Caldo Verde appears as a signature dish in 3 Portugal cities. See each city's local variant and where to eat it.
Caldo Verde · Braga
Thick kale and potato soup with chourico, the defining comfort food of northern Portugal. The Braga version is denser and more pork-rich than the Lisbon preparation, made with finely shredded galega kale.
Caldo verde originated in the Minho region and is the soup most associated with northern Portuguese domestic cooking. The combination of galega kale (a tough, dark-leafed variety grown in the Minho), potato and chourico was codified as a restaurant dish in Braga in the 20th century but has been made in farmhouse kitchens for at least three centuries. The Braga preparation uses more olive oil, more chourico and less water than the Lisbon version, producing a soup closer to a stew. Caldo Entornado near the cathedral is the benchmark address for visitors.
Where to eat in Braga:
- Caldo Entornado
- Restaurante Tia Isabel
- Taberna do Migaitas
Caldo verde · Lisbon
A puréed potato-and-onion soup with finely shredded couve galega (Galician collard) and a slice of chourico, drizzled with olive oil, eaten hot.

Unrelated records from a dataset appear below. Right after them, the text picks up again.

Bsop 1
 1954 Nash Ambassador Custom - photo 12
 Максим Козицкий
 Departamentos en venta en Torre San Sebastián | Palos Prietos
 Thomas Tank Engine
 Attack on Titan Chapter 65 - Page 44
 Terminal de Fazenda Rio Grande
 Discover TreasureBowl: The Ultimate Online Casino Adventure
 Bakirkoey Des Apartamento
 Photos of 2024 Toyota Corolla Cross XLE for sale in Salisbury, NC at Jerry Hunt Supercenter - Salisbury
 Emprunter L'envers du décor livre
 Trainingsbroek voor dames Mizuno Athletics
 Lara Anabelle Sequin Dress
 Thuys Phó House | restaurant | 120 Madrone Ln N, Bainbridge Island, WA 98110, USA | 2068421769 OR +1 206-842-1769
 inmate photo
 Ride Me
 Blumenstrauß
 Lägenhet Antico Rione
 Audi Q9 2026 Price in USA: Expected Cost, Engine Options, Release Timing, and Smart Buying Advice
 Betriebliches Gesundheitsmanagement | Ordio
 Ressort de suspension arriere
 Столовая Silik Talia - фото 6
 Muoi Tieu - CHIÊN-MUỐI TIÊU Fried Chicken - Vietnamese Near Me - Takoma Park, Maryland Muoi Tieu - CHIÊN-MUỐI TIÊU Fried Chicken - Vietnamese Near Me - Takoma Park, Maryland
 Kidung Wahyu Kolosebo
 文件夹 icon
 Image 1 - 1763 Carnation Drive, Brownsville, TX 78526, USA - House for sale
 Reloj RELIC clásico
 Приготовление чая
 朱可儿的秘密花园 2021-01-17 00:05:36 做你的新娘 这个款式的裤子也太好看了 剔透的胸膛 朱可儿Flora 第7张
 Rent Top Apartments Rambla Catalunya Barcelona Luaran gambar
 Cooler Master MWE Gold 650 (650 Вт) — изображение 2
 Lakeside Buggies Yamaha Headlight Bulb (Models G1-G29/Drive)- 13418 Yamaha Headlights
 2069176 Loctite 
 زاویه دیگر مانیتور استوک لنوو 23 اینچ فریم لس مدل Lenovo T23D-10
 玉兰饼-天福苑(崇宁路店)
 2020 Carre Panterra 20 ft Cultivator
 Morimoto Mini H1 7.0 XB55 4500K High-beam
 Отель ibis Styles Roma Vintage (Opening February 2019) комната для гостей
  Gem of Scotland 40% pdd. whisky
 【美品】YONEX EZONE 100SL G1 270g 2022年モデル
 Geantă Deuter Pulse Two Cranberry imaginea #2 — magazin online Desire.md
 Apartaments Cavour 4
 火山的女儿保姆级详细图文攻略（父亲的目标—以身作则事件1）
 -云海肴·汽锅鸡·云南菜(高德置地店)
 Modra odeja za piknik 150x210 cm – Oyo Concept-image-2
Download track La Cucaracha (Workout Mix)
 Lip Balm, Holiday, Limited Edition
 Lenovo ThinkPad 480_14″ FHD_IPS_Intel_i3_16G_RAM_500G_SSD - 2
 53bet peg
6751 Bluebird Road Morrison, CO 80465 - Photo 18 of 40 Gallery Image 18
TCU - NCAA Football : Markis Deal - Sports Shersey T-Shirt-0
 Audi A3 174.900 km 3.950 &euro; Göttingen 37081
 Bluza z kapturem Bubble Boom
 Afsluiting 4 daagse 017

Caldo verde originates in the Minho region of northwest Portugal in the 15th century, where the dish moved south to Lisbon with rural migration in the 19th century. The dish is now the canonical Santos Populares supper, served in paper cups at street stalls during the June festivities and at every casa de pasto across Lisbon's working bairros. The thin slice of chorizo (chourico) on top is the Lisbon variation; the Minho original served the soup plain.
Where to eat in Lisbon:
- Solar dos Presuntos
- Casa do Alentejo
- Cervejaria Trindade
Caldo Verde (Green Soup) · Porto
Portugal's most well-regarded soup: a creamy potato base stirred with finely shredded couve galega (collard greens), finished with slices of smoked chouriço and a thread of good olive oil.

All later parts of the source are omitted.